Today, in St. Louis, the U.S. Court of Appeals for the Eighth Circuit will take up the question of whether Judge Susan Nelson’s order lifting the lockout will be upheld or overturned. Specifically, the three-judge panel will hear oral arguments from the lawyers. And even though the entire process has been expedited, don’t except a Judge Wapner-style “I’ll be back in five minutes” decision. Chances are it’ll be at least a week and as long as a month before the judges issue their ruling.
With two of the three judges leaning in the NFL’s favor and one judge apparently poised to rule for the players, there’s a belief that the final outcome will result in the lockout remaining in place. But the questions posed by the two judges (Colloton and Benton) who are perceived to be willing to let the lockout stand could shed light on whether one of them is having serious doubts about his “serious doubts.” If so, that could give the owners even more reason to try to work out a new labor deal before the Eighth Circuit rules.
Regardless of the outcome (assuming a settlement isn’t reached), the loser will appeal to the full Eighth Circuit court for a rehearing “en banc.” (“Why would they do it in a bank instead of in a courtroom?”) Then, the loser will undoubtedly file a petition with the Supreme Court, even though the Supreme Court agrees to consider only a fraction of the petitions it receives.

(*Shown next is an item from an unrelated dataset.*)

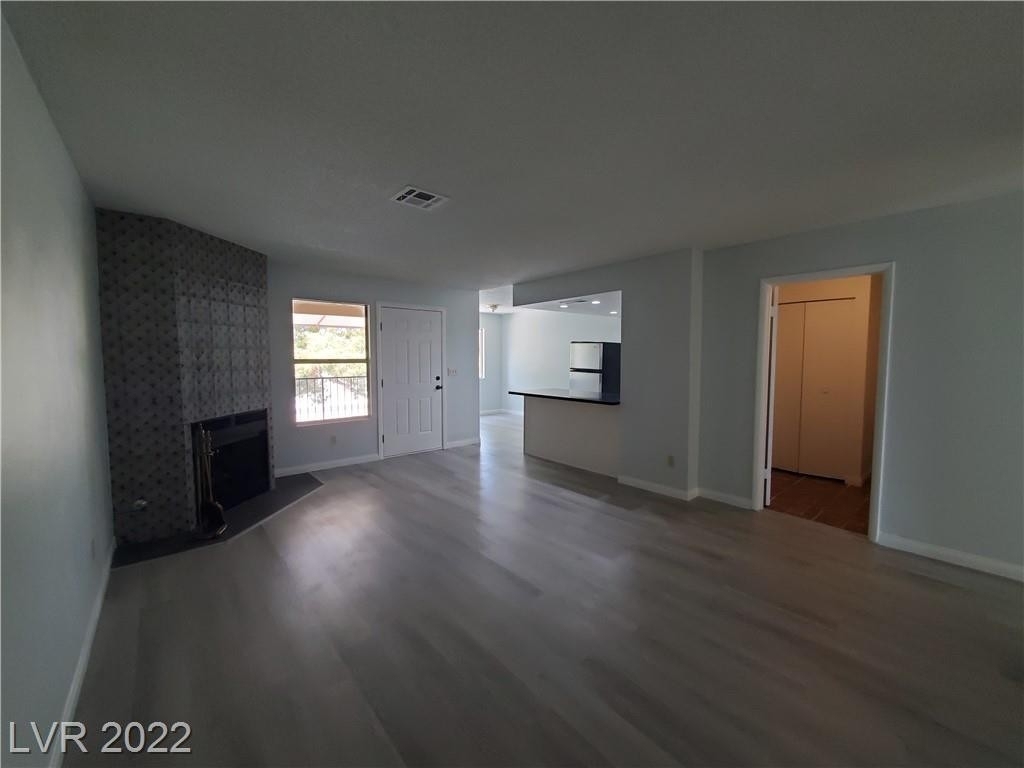 2305 North Jones Boulevard - Photo 2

On that topic, players’ lead counsel for the appeal, former U.S. Solicitor General Ted Olson, sounds like he has been drinking the Jeff Kessler litigation-over-negotiation Kool-Aid, hinting at a legal strategy that would wipe out all of the 2011 season. “There are significant legal questions here that, if decided one way or the other, one side may not be satisfied,” Olson told Alex Marvez of FOXSports.com. “The [Supreme] Court has frequently considered decisions involving professional sports. It would not at all be unheard of in a case like this that it would go to the Supreme Court.”
He’s right, even though it remains a very long shot. Either way, if the NFLPA* decides to let the process play itself out before engaging in meaningful talks with the NFL, it’ll be a clear signal that we’ll have to make chicken salad out of a substandard potpourri of college football, the CFL, and the UFL. (But we’re ready to embrace college football, the CFL, and the UFL, if need be.)

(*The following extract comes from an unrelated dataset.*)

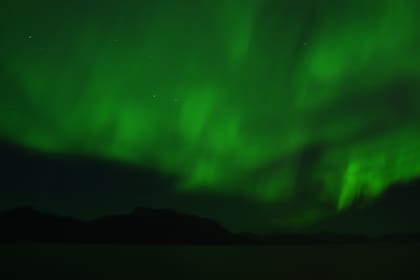 En Alaska, Nico tuvo la oportunidad de presenciar un evento extraordinario: la aurora boreal.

Olson also hinted at a desire to continue to push the antitrust lawsuit regardless of the outcome in the Eighth Circuit, which also would jeopardize the season, if the strategy entails blindly pursuing victory through the courts without giving genuine consideration to negotiation. “Whether or not the lockout is temporarily enjoined does not resolve the question of whether the lockout violates the antitrust law,” Olson told Marvez. “That’s going to be something that plays itself out further.”
Here’s hoping that Olson was merely engaging in lawyerly bluster, and that the parties will remain committed to talking privately about solving the dispute, while the lawyers find another cow to milk at more than $1,000 an hour.